• **Work instructions**: Using the records below, quote only the span that opens with the line containing "2024年省贯彻落实全国打击侵权假冒专项行动工作汇报" and closes with the line containing "Load image into", exactly and inclusively.
Extracted data section start
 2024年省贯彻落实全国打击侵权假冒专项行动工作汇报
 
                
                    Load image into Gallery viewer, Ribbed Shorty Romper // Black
Extracted data section end
Extracted data section start
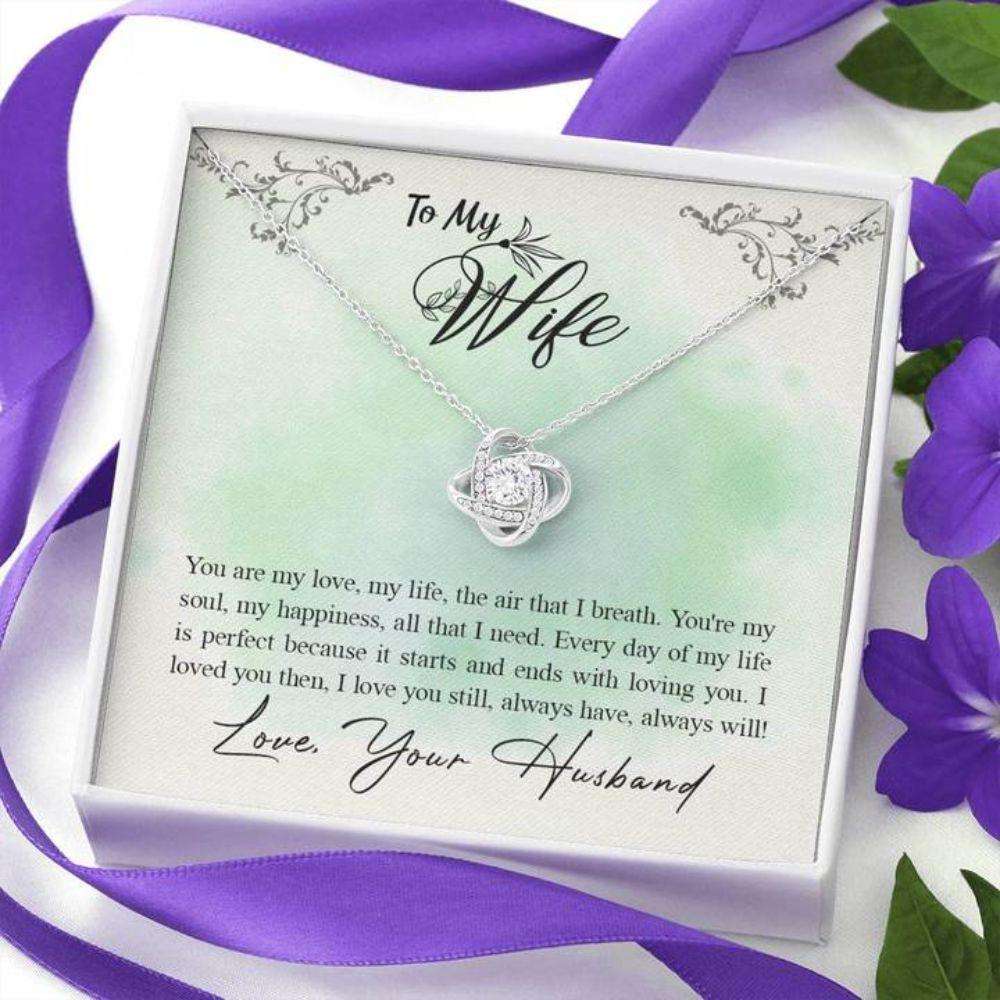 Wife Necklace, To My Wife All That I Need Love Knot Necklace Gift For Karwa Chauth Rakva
Extracted data section end
• **The answer**:
 2024年省贯彻落实全国打击侵权假冒专项行动工作汇报
 
                
                    Load image into Gallery viewer, Ribbed Shorty Romper // Black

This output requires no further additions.